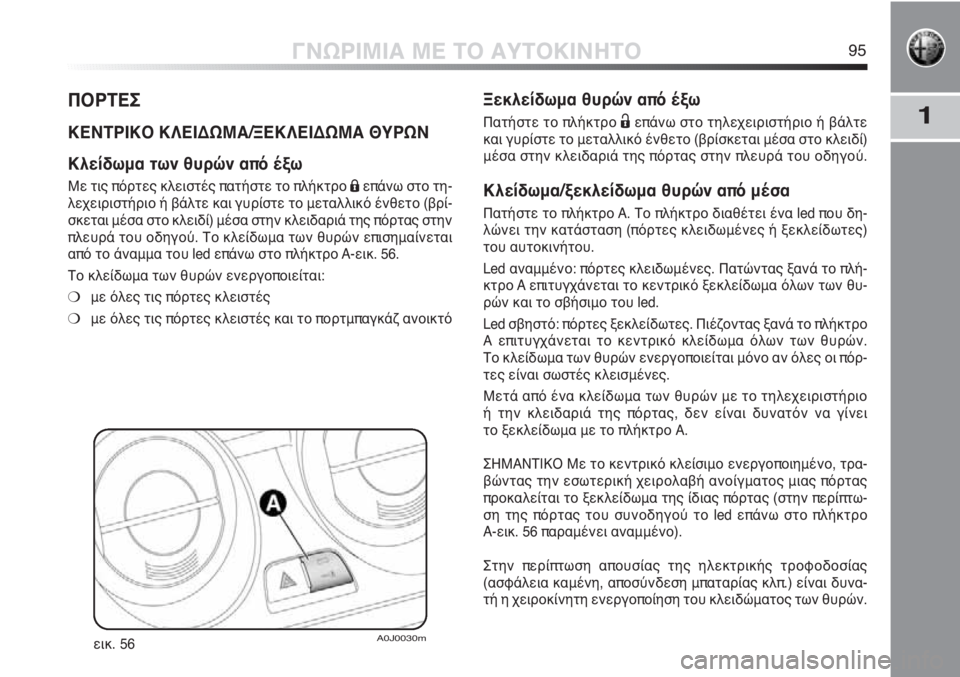 Alfa Romeo MiTo 2012 ΒΙΒΛΙΟ ΧΡΗΣΗΣ ΚΑΙ ΣΥΝΤΗΡΗΣΗΣ (in Greek) 1
ΓΝΩΡΙΜΙΑ ΜΕ ΤΟ ΑΥΤΟΚΙΝΗΤΟ95
ΠΟΡΤΕΣ
ΚΕΝΤΡΙΚΟ ΚΛΕΙΔΩΜΑ/ΞΕΚΛΕΙΔΩΜΑ ΘΥΡΩΝ
Κλείδωμα των θυρών από έξω
Με τις πόρτ Alfa Romeo MiTo 2012 ΒΙΒΛΙΟ ΧΡΗΣΗΣ ΚΑΙ ΣΥΝΤΗΡΗΣΗΣ (in Greek) 1
ΓΝΩΡΙΜΙΑ ΜΕ ΤΟ ΑΥΤΟΚΙΝΗΤΟ95
ΠΟΡΤΕΣ
ΚΕΝΤΡΙΚΟ ΚΛΕΙΔΩΜΑ/ΞΕΚΛΕΙΔΩΜΑ ΘΥΡΩΝ
Κλείδωμα των θυρών από έξω
Με τις πόρτ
★ ★ ★ ★
TASK BRIEF => Whenever a line of the data includes "πόρτ", copy that line.

ANSWER AREA =>
Με τις πόρτ Alfa Romeo MiTo 2012 ΒΙΒΛΙΟ ΧΡΗΣΗΣ ΚΑΙ ΣΥΝΤΗΡΗΣΗΣ (in Greek) 1
Με τις πόρτ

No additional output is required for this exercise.